1. Academic Validation
  2. Transport of the placental estriol precursor 16α-hydroxy-dehydroepiandrosterone sulfate (16α-OH-DHEAS) by stably transfected OAT4-, SOAT-, and NTCP-HEK293 cells

Transport of the placental estriol precursor 16α-hydroxy-dehydroepiandrosterone sulfate (16α-OH-DHEAS) by stably transfected OAT4-, SOAT-, and NTCP-HEK293 cells

  • J Steroid Biochem Mol Biol. 2014 Sep;143:259-65. doi: 10.1016/j.jsbmb.2014.03.013.
H Schweigmann 1 A Sánchez-Guijo 2 B Ugele 3 K Hartmann 4 M F Hartmann 2 M Bergmann 4 C Pfarrer 5 B Döring 1 S A Wudy 2 E Petzinger 1 J Geyer 1 G Grosser 6
Affiliations

Affiliations

  • 1 Institute of Pharmacology and Toxicology, Justus Liebig University of Giessen, 35392 Giessen, Germany.
  • 2 Steroid Research & Mass Spectrometry Unit, Division of Pediatric Endocrinology and Diabetology, Center of Child and Adolescent Medicine, Justus Liebig University of Giessen, 35392 Giessen, Germany.
  • 3 University Hospital, Ludwig Maximilians University of Munich, 80337 Munich, Germany.
  • 4 Institute of Veterinary Anatomy, Histology and Embryology, Justus Liebig University of Giessen, 35392 Giessen, Germany.
  • 5 Department of Anatomy, University of Veterinary Medicine, 30173 Hannover, Germany.
  • 6 Institute of Pharmacology and Toxicology, Justus Liebig University of Giessen, 35392 Giessen, Germany. Electronic address: gary.grosser@vetmed.uni-giessen.de.
Abstract

16α-Hydroxy-dehydroepiandrosterone sulfate (16α-OH-DHEAS) mainly originates from the fetus and serves as precursor for placental estriol biosynthesis. For conversion of 16α-OH-DHEAS to estriol several intracellular Enzymes are required. However, prior to enzymatic conversion, 16α-OH-DHEAS must enter the cells by carrier mediated transport. To identify these carriers, uptake of 16α-OH-DHEAS by the candidate carriers organic anion transporter OAT4, sodium-dependent organic anion transporter SOAT, Na(+)-taurocholate cotransporting polypeptide NTCP, and organic anion transporting polypeptide OATP2B1 was measured in stably transfected HEK293 cells by LC-MS-MS. Furthermore, the study aimed to localize SOAT in the human placenta.

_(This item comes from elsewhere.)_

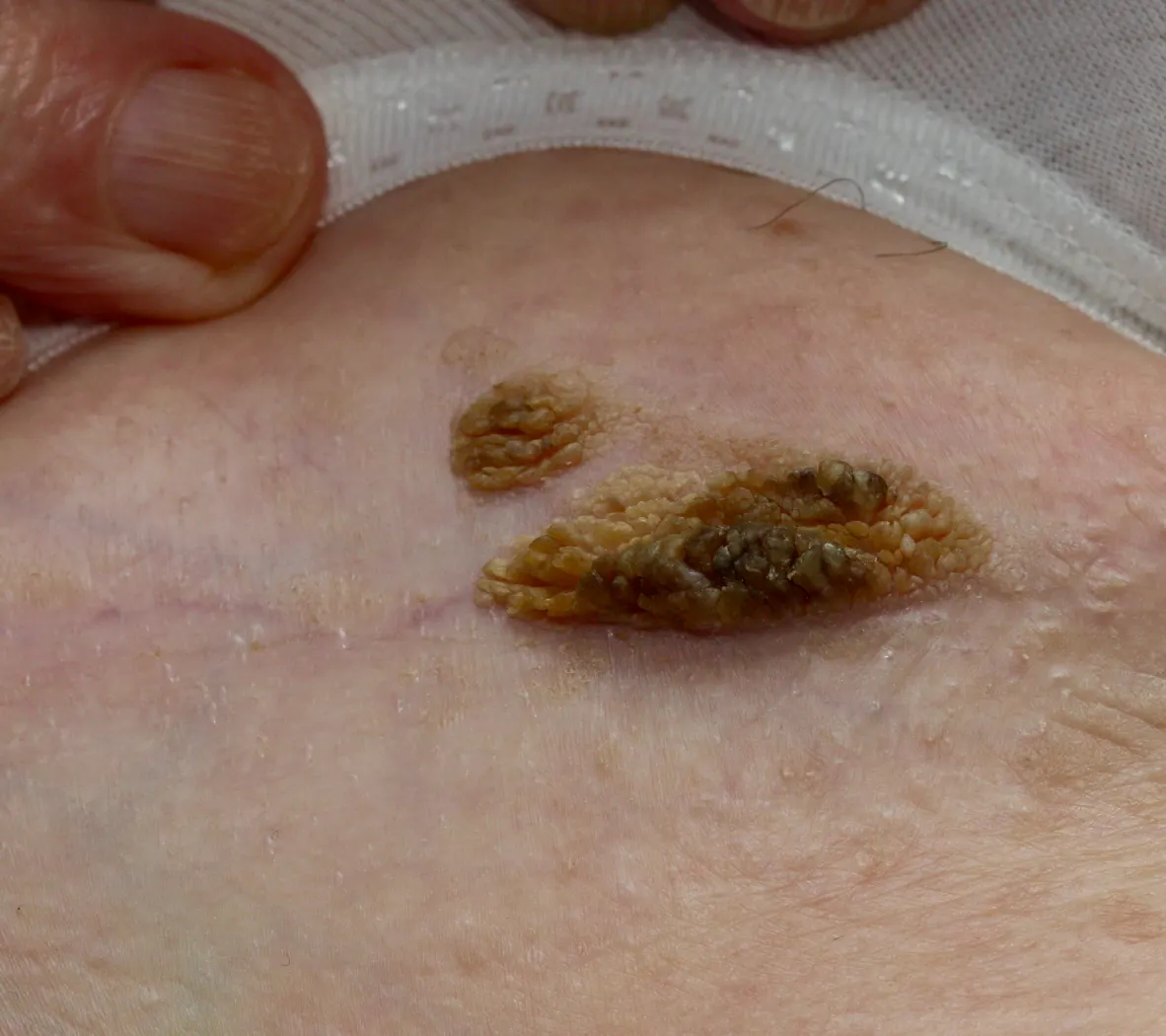 large keratosis trunk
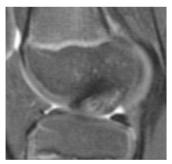 Physical Characteristics OCD or Focal Cartilage Defect Other Knee Features OCD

Stably transfected OAT4-HEK293 cells revealed a partly sodium-dependent transport for 16α-OH-DHEAS with an apparent Km of 23.1 ± 5.1 μM and Vmax of 485.0 ± 39.1 pmol/mg protein/min, while stably transfected SOAT- and NTCP-HEK293 cells showed uptake only under sodium conditions with Km of 319.0 ± 59.5 μM and Vmax of 1465.8 ± 118.8 pmol/mg protein/min for SOAT and Km of 51.4 ± 9.9 μM and Vmax of 1423.3 ± 109.6 pmol/mg protein/min for NTCP. In contrast, stably transfected OATP2B1-HEK293 cells did not transport 16α-OH-DHEAS at all. Immunohistochemical studies and in situ hybridization of formalin fixed and paraffin embedded sections of human late term placenta showed expression of SOAT in syncytiotrophoblasts, predominantly at the apical membrane as well as in the vessel endothelium. In conclusion, OAT4, SOAT, and NTCP were identified as carriers for the estriol precursor 16α-OH-DHEAS. At least SOAT and OAT4 seem to play a functional role for the placental estriol synthesis as both are expressed in the syncytiotrophoblast of human placenta.

Keywords

DHEAS; OAT4; Placenta; SOAT; Steroid sulfate; Transport.